Hutan Kota Cawang Diisukan Jadi Tempat Kumpul LGBT, PKS: Harus Jadi Warning
"LGBT ini bukan lagi isapan jempol," kata Ismail.
REPUBLIKA.CO.ID, JAKARTA – Hutan Kota Cawang yang berlokasi di Jalan Perindustrian, Kelurahan Kebon Pala, Kecamatan Makasar, Jakarta Timur, ramai diperbincangkan belakangan ini lantaran menjadi sarang berkumpulnya kalangan lesbian, gay, biseksual, dan transgender (LGBT). Menanggapi hal itu, legislator dari Partai Keadilan Sosial (PKS) menyatakan bahwa hal itu menjadi peringatan bagi berbagai pihak.

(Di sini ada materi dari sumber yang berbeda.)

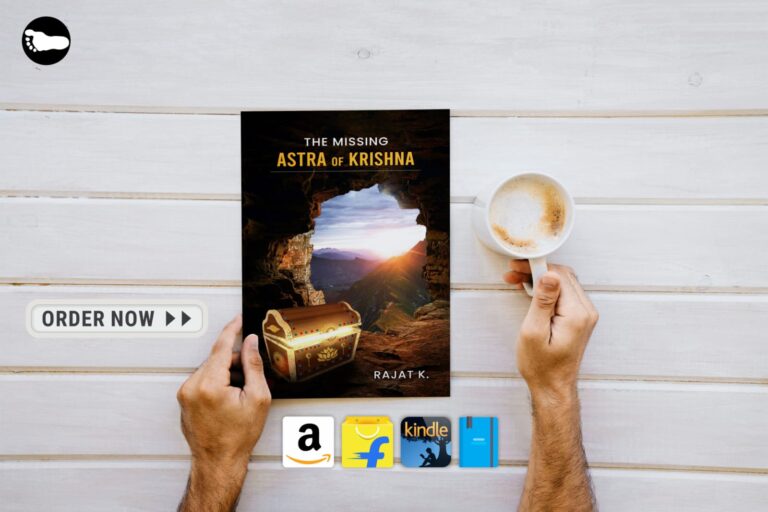 Introducing The Missing ASTRA of Krishna by Rajat K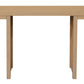 Mindi Console Table - Natural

“Ini harus sudah jadi warning bagi semua pihak, baik pemerintah, lembaga-lembaga non pemerintah, maupun masyarakat bahwa ini bahaya. LGBT ini bukan lagi isapan jempol, tapi seiring waktu sudah mulai terlihat indikasi ancamannya buat generasi,” kata anggota DPRD DKI Jakarta dari Fraksi PKS, Ismail, kepada Republika.
Ismail mengatakan, saat ini sudah mulai terlihat indikasi ancaman eksistensi kaum LGBT buat generasi muda. Hal itu juga berkaca dari sekelompok pemuda yang menggelar aksi kibarkan bendera pelangi –simbol kaum LGBT- di Monas, Jakarta Pusat. Disusul pula Hutan Kota Cawang yang merupakan fasilitas publik sebagai sarang mereka berkumpul.
Seluruh pihak, lanjutnya, harus meningkatkan kepedulian dan kewaspadaan sejalan dengan bermunculannya indikasi-indikasi eksistensi kaum ‘menyimpang’ tersebut. Secara tegas, eksekutif perlu melakukan langkah-langkah pencegahan dan penindakan agar tidak lagi bermunculan.
“Selama ini belum bisa diwujudkan (upaya pencegahan), maka mereka (kaum LGBT) akan melihat setiap kesempatan itu untuk menunjukkan eksistensinya,” ujar Ismail.
Dia menyebut Pemprov DKI Jakarta harus konsisten melakukan upaya penindakan terhadap maraknya perkumpulan kaum LGBT. Bahkan perlu dilakukan pemanggilan terhadap pihak-pihak terkait jika dibutuhkan.
“Tanpa perlu khawatir melanggar HAM (hak asasi manusia),” tegas Ketua Komisi B DPRD DKI Jakarta tersebut.
Sebelumnya diketahui, terungkap bahwa Hutan Kota Cawang menjadi tempat berkumpulnya kaum LGBT selama sekitar satu dekade belakangan. Warga sekitar berpendapat, kaum tersebut nyaman berkumpul di lokasi tersebut karena dinilai strategis dan gelap.
Atas adanya keresahan dan keluhan dari masyarakat, Satuan Polisi Pamong Praja (Satpol PP) sempat melakukan penertiban. Juga melakukan pengawasan 24 jam nonsetop sejak Selasa (25/7/2023) lalu. Meski baru-baru ini Komnas HAM menyatakan bahwa penertiban yang dilakukan melanggar HAM, namun penindakan itu mendasar karena melanggar Peraturan Daerah (Perda) Nomor 8 Tahun 2017 tentang Ketertiban Umum.